Swedish not-for-profit organisation

Artscape is a nonprofit organization working predominantly within street art and public art. It was founded in Malmö, Sweden in 2014 by Daniel Wakeham and Tor Hedendahl. Artscape has produced several street art festivals, inviting international artists to create street art in different parts of Sweden. Alongside the production of the artworks, the organization has also arranged artist talks, workshops and panel discussions.
Artscape organised Sweden's first international street art festival in Malmö in 2014, and has since arranged street art projects in Gothenburg (2016), and Värmland (2017).

==Activities==
Artscape was set up to promote public art, and challenge the "dominance of the advertising boards" through the use of street art in the urban environment. Its projects are often undertaken in urban areas that are in need of, or are undergoing, regeneration.
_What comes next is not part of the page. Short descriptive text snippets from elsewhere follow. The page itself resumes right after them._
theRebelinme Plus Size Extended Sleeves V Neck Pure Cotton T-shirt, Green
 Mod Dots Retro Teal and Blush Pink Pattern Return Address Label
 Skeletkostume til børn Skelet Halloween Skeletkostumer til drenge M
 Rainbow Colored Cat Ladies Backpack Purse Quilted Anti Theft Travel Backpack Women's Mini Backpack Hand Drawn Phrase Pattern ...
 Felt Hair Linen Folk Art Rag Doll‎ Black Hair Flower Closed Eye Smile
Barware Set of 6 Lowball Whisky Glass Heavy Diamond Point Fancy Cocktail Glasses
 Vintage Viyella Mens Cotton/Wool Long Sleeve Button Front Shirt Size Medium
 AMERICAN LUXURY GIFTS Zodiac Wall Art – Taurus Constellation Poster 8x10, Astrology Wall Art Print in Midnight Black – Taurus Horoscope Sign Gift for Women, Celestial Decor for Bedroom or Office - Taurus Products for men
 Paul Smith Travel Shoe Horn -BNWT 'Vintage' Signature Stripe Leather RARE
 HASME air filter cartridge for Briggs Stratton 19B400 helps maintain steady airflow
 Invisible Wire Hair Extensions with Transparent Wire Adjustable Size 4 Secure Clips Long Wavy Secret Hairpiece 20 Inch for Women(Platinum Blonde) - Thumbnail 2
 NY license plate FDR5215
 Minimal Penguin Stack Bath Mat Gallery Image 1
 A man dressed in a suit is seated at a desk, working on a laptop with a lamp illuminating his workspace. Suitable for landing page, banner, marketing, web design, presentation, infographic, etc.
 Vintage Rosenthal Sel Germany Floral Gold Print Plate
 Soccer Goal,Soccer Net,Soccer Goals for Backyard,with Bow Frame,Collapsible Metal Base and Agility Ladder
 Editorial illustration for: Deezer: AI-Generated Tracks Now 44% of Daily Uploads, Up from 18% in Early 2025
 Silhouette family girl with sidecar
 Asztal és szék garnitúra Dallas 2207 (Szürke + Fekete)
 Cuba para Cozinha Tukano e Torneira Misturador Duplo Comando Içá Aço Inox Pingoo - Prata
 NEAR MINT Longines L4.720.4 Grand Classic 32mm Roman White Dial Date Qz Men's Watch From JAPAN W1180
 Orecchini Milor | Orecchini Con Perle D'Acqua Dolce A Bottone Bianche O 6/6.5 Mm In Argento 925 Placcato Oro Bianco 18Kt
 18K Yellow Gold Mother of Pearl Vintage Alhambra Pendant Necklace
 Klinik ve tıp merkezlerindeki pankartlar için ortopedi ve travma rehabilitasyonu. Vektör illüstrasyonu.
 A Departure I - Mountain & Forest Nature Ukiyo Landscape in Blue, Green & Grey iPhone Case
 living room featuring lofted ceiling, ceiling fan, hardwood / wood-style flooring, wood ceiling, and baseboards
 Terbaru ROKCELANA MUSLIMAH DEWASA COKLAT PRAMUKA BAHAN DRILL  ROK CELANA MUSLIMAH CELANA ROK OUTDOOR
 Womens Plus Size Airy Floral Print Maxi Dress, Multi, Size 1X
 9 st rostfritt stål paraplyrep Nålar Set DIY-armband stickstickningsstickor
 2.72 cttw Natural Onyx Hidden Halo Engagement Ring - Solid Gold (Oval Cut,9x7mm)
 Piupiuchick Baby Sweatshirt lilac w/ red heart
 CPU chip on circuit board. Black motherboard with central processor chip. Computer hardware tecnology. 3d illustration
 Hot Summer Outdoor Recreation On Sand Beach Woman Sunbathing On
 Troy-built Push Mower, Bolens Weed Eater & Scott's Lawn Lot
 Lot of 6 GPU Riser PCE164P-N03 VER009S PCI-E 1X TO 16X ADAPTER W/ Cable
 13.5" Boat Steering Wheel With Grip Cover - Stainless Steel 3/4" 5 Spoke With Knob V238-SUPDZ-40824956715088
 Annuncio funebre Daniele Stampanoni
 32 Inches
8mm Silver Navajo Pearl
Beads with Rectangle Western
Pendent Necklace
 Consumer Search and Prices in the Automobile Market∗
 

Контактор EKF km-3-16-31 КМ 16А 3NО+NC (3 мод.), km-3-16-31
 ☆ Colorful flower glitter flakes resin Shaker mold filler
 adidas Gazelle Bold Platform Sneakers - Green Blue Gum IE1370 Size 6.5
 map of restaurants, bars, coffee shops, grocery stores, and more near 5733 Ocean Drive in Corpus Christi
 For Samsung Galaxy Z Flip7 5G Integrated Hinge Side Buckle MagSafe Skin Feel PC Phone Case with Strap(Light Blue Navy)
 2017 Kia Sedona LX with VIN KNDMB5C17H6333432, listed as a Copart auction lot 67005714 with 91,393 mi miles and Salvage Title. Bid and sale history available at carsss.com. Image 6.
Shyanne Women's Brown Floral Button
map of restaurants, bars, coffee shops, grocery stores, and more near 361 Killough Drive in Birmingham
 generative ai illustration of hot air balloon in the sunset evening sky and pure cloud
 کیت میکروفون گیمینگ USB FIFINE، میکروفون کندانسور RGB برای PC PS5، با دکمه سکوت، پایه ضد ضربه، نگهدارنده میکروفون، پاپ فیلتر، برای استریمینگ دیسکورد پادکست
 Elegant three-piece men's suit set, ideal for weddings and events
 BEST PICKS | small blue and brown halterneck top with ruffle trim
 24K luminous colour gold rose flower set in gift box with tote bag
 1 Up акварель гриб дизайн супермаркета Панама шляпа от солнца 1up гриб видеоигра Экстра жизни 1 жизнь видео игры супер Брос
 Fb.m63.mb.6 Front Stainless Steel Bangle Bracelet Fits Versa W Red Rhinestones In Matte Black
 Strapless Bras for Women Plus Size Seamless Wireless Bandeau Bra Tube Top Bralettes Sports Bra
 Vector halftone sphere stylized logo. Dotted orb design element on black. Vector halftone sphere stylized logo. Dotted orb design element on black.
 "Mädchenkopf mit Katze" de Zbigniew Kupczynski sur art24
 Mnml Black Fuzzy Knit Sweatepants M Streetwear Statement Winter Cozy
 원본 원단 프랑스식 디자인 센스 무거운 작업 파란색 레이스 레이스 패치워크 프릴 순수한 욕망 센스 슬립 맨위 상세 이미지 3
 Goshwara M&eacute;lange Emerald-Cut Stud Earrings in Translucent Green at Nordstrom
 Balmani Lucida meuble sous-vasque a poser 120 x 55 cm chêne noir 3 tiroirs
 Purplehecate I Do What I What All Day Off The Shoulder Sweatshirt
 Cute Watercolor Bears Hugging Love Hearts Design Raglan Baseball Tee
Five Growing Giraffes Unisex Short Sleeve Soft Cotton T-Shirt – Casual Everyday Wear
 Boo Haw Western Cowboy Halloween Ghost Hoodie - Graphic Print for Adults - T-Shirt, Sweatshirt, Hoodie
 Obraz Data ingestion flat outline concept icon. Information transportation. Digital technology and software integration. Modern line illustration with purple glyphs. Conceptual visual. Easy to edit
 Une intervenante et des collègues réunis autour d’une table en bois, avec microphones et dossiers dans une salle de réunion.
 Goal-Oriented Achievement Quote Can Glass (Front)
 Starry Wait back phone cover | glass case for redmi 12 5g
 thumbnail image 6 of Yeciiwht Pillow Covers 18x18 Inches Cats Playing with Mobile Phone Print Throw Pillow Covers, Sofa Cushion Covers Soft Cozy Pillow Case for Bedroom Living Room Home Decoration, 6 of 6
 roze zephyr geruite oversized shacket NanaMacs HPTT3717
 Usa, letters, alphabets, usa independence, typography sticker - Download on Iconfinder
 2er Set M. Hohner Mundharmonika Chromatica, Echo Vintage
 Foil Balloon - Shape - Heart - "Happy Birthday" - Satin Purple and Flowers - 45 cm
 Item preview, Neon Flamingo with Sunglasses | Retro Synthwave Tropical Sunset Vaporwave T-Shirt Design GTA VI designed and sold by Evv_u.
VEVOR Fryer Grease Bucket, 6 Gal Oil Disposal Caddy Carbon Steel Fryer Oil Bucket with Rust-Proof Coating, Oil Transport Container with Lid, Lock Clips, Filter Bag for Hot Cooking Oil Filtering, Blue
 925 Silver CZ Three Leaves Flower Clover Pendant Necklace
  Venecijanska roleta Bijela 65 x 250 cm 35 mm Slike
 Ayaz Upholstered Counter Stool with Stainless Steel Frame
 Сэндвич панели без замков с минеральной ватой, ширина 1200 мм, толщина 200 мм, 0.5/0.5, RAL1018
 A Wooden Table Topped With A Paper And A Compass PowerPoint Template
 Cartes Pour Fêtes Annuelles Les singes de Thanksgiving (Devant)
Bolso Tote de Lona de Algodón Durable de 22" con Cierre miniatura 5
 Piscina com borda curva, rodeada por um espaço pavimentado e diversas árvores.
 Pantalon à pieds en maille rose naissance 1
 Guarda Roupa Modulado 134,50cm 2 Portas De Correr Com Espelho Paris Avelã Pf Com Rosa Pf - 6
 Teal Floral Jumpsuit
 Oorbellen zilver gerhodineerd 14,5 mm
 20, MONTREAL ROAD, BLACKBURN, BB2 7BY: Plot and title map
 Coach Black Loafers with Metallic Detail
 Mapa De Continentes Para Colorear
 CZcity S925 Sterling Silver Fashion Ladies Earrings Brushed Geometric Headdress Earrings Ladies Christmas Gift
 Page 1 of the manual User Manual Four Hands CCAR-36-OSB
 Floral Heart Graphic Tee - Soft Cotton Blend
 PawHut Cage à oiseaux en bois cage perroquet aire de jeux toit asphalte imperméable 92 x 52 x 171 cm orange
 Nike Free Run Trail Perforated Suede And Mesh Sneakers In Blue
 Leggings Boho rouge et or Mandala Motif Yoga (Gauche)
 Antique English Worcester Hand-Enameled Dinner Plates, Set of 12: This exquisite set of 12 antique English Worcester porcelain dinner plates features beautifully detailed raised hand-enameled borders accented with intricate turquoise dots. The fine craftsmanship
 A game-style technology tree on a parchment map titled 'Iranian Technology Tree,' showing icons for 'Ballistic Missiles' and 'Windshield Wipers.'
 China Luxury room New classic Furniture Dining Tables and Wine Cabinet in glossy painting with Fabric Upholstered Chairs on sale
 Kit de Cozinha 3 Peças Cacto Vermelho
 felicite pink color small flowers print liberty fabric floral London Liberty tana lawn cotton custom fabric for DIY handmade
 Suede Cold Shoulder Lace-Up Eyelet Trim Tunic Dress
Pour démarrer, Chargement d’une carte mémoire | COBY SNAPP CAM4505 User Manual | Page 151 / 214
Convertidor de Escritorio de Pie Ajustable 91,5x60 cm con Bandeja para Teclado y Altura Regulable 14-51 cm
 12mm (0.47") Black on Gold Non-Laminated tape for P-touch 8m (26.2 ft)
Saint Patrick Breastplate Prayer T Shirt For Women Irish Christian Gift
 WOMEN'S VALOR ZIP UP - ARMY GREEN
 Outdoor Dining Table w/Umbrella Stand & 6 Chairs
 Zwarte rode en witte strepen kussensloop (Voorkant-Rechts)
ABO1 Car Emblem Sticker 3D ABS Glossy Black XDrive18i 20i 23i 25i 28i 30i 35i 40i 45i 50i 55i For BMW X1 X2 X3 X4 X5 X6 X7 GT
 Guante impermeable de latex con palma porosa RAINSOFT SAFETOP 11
== Exhibitions/Projects ==

- 2014 – 12 May – Malmö
Artists featured: Stinkfish, Phlegm, Above, Faith47, Magda Sayeg, Smug One, Cyrcle, Isaac Cordal, Mademoiselle Maurice, Natalia Rak, D*Face, Katy Beveridge, Leon, Ola Kalnins, Shalak, Smoky, Fiya, Amara por dios.
- 2015 – 'Cadavre Exquis', 2 September – Malmö
Artists featured: Bless, Zadok and Christina Angelina
- 2016 – 25 July – August (4 weeks) – Gothenburg
Artists featured: Bless, Cityzenkane, Code26, Eine, Disk, Elina Metso, Ligisd, Magda Sayeg, Ollio, Henrietta Kozica, Hueman, Jarus, Koralie & Supakitch, Rone, Yash, Ajja, Ana Maria and Animalitoland
- 2017 – ‘White Moose Project’, 24 July – Värmland: in Arvika, Filipstad, Forshaga, Grums, Karlstad, Munkfors Sunne, Säffle, Torsby, and Årjäng.

Artists featured: Nomad Clan, Wild Drawing, Yash, Faith47, Super G, Smug, Hyuro, Ledania, Henric Thåg, Sagie, Case Maclaim, Pantonio, Vexta, Tatiana Suarez, Captain Kris, BKfoxx, Bordalo ll, Caratoes, Hitotzuki, Annatomix, Shalak & Smoky, Pastel and Zadok.